◆ DIRECTIONS FOR THIS TASK ◆
Count every line below in which "Volume" occurs, then give only the count.

◆ RECORDED INFORMATION ◆
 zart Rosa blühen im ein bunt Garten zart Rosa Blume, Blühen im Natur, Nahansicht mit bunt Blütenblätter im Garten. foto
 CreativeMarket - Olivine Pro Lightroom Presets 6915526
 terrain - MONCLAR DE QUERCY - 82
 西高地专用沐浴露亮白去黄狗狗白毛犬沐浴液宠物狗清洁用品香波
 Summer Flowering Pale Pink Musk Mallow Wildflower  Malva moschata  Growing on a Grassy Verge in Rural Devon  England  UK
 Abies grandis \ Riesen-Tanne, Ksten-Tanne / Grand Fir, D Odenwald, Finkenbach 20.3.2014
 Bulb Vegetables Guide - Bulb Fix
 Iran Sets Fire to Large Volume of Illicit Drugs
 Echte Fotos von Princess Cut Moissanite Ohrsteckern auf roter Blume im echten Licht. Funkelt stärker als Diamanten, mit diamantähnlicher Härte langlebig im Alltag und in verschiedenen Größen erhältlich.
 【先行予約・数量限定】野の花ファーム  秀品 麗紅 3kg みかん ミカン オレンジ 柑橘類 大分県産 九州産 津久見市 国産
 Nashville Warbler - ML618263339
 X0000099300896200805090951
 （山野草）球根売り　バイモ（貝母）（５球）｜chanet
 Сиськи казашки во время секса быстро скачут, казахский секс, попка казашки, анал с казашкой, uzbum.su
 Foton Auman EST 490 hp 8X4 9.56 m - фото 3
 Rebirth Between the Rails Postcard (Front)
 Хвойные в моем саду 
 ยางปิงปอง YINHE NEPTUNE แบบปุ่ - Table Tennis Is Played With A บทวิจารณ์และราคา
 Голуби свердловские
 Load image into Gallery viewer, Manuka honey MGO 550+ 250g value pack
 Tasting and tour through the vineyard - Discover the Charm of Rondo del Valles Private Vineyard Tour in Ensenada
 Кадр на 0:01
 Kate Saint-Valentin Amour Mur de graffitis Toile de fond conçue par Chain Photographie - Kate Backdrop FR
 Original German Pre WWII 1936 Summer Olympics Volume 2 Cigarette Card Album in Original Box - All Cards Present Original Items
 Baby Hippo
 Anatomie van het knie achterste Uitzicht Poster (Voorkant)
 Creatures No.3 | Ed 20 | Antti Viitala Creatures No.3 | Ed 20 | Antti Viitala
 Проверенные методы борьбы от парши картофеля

◆ RESULT OF THIS EXERCISE ◆
2